Il silenzio che ha accolto gli ebrei sopravvissuti alla Shoah: riprendiamoci la Memoria
17 Novembre 2025 alle 11:23
Quando pensiamo al 1945, immaginiamo la fine di un incubo. Ma per molti ebrei sopravvissuti alla Shoah, il dopoguerra non fu un ritorno alla vita: fu l’inizio di un altro tipo di solitudine. Dopo la liberazione, migliaia di uomini, donne e bambini cercarono di tornare nelle loro città, nelle loro case, nei luoghi che avevano lasciato. Quello che trovarono, però, non fu accoglienza, ma il suo esatto contrario. Le società europee, impegnate a ricostruirsi e desiderose di lasciarsi alle spalle gli anni della distruzione, non erano pronte a incontrare lo sguardo di chi era sopravvissuto.
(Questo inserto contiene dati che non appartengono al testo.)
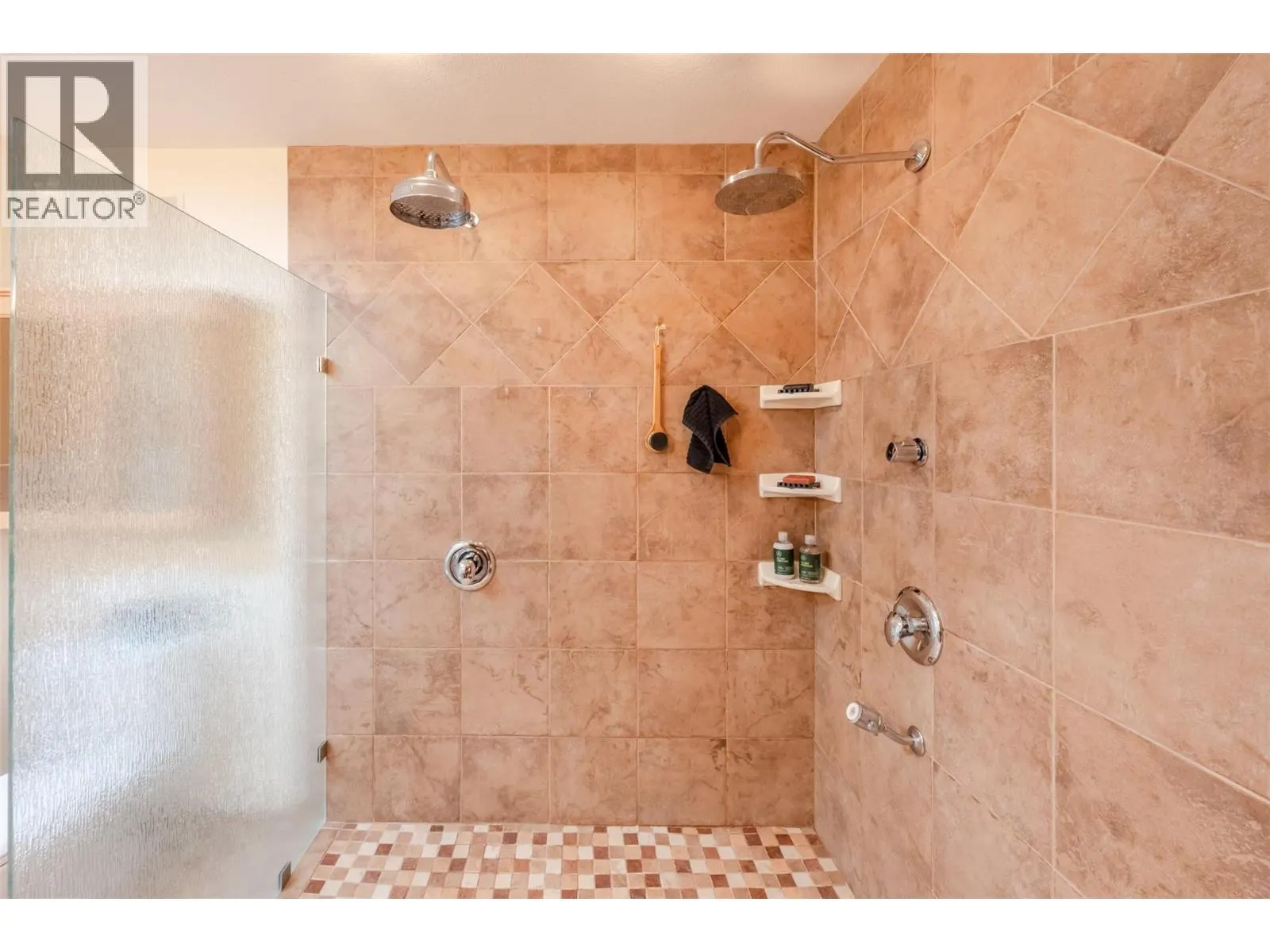 801 Comox Street Unit# 116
Riconoscere i sopravvissuti avrebbe significato riconoscere anche le responsabilità diffuse: l’indifferenza, la complicità, l’antisemitismo radicato che non era scomparso con la sconfitta del nazismo. Nessuno era ansioso di abbracciare i fantasmi rientrati dai lager. La loro sopravvivenza era anzi una minaccia, un monito sgradito. Così il ritorno non fu ricongiungimento ma diffidenza, esclusione, rifiuto. O in molti casi non ci fu nessun ritorno. Rientrare nelle proprie case saccheggiate ed espropriate, nei propri quartieri irriconoscibili era impossibile, e comunque sconsigliabile. In molti casi, la “liberazione” significò rimanere in campi di raccolta allestiti negli stessi luoghi dei lager appena liberati. Le baracche non sparirono subito, le recinzioni rimasero, e anche la sorveglianza. La libertà non coincideva ancora con una vita possibile. Il mondo fuori dai campi stentava a riconoscere la presenza di chi aveva attraversato lo sterminio.
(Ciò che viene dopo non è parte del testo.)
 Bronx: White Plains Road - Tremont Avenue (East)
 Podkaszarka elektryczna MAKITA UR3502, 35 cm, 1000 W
Questo è il punto da cui parte la settimana che si apre oggi. Non per rinnovare lo sguardo su un trauma individuale, ma per restituire un fatto storico spesso dimenticato: la Shoah non finisce nel 1945. Per molti sopravvissuti, il dopoguerra è stato un lungo attraversamento di spazi che non accoglievano, di luoghi che non restituivano continuità, di tentativi di racconto che non trovavano ascolto. Riprendere questa parte della storia significa comprendere la Memoria non come un’eredità immediata, ma come un processo difficile, nato in un mondo che non era ancora pronto a riconoscere ciò che era accaduto. È da questo silenzio che comincia la nostra settimana.